══ Supplied data

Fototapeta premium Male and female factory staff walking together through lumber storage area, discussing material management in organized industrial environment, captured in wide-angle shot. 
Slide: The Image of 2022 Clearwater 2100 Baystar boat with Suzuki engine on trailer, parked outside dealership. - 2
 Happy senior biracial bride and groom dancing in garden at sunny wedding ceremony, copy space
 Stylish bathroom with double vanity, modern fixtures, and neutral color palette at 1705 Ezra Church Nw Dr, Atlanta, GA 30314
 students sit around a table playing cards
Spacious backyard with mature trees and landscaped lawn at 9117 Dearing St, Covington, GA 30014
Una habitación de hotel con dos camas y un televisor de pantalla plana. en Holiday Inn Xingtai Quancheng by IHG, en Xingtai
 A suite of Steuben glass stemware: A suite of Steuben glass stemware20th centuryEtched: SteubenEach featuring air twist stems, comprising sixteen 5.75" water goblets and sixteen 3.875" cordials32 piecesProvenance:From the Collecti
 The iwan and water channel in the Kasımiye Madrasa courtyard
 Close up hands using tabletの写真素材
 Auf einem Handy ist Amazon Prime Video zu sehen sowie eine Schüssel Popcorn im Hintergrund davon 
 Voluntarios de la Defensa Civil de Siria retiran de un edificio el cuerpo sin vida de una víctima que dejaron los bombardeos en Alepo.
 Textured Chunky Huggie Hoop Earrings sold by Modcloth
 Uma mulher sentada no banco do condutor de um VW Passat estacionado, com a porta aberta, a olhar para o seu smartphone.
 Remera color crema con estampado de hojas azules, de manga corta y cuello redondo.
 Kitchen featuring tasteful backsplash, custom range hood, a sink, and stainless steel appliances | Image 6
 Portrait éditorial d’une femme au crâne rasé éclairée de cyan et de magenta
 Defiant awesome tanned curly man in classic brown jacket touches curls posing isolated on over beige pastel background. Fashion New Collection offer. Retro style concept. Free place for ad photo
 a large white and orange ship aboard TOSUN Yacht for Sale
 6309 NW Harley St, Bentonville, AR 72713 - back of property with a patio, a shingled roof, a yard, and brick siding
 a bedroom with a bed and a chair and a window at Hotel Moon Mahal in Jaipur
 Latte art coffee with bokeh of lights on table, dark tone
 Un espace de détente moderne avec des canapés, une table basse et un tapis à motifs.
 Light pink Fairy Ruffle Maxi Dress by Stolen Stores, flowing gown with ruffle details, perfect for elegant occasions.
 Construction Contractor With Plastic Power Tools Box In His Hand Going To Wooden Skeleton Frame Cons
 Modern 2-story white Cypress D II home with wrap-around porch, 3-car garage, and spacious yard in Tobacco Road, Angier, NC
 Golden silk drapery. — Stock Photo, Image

════

§ **Exercise description**:
Reproduce exactly, and only, the lines from the start of the entries through the one that contains "Slide: The Image".

§ **Response to this task**:
Fototapeta premium Male and female factory staff walking together through lumber storage area, discussing material management in organized industrial environment, captured in wide-angle shot. 
Slide: The Image of 2022 Clearwater 2100 Baystar boat with Suzuki engine on trailer, parked outside dealership. - 2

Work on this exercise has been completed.